Finland’s Minister for Employment Timo Harakka (SDP) says 100,000 unemployed people lost benefits under the previous government’s so-called ‘active model’ of employment.
The scheme, introduced in spring 2018 by Juha Sipila‘s centre right government, quickly cut benefits from unemployed people who didn’t find a job or go on a training course within a short period of time.
The policy was the centrepiece of the Sipilä government’s plan to raise employment levels, but critics described it as a “punishment” tactic that unfairly and indiscriminately targeted unemployed people without considering their personal circumstances.
On Friday, Harakka and his officials unveiled a new report which looked into the outcomes of the active model but found there was no clear-cut effect on employment that could be identified, distinct from normal employment/unemployment patterns.
However, both Harakka and professionals working to help people find jobs say the active model was not an appropriate way to increase employment.
“The conventional wisdom is whenever you cut benefits or the threats of a cut, that will automatically result in more employment.

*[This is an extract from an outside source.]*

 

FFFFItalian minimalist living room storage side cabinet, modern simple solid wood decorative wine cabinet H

And this was the assumption of quite a few economists and the previous government as well” says Harakka.
“What is clear is more than 100,000 full-time unemployed people lost a part of their benefits because of this model, and it obviously means it was unfair for quite many already vulnerable people” he tells News Now Finland.
Dismantling the previous systems
The current government got to work almost straight away dismantling the active model structures that were put in place.

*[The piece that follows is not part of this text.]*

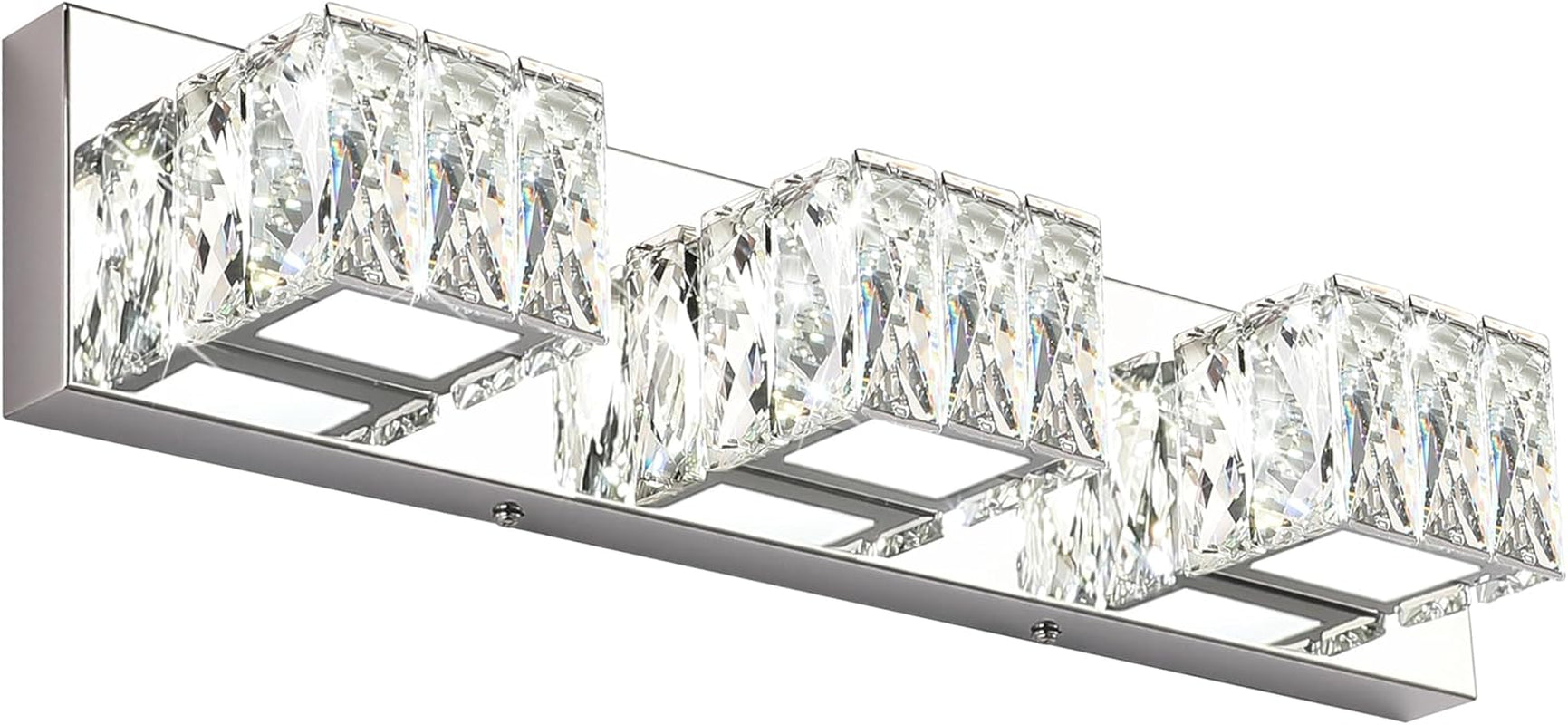 6-Light LED Chrome Crystal Bathroom Vanity Light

What they want to bring in instead is “a more positive incentive instead of a negative incentive” for people to get back to work.
“We are adding resources to unemployment services, and what we are concentrating on is a more individual employment services, instead of this unfair and haphazard model. We want to provide a personalised, individual plan” explains Harakka.
There are still penalties for someone who could work, who has access to a new range of employment services, but doesn’t stick to their individually-tailored plan to get back to employment.
Harakka stresses that this is all down to personal responsibility on the part of the job seeker.
“If you deviate from that plan, with all these services available, obviously there needs to be some kind of sanction. But that is something that the individual himself or herself is entirely responsible” he says.
The minister says tripartite talks between the government, unions, and the employers’ federation are going well to reach agreement on bringing in the new structures.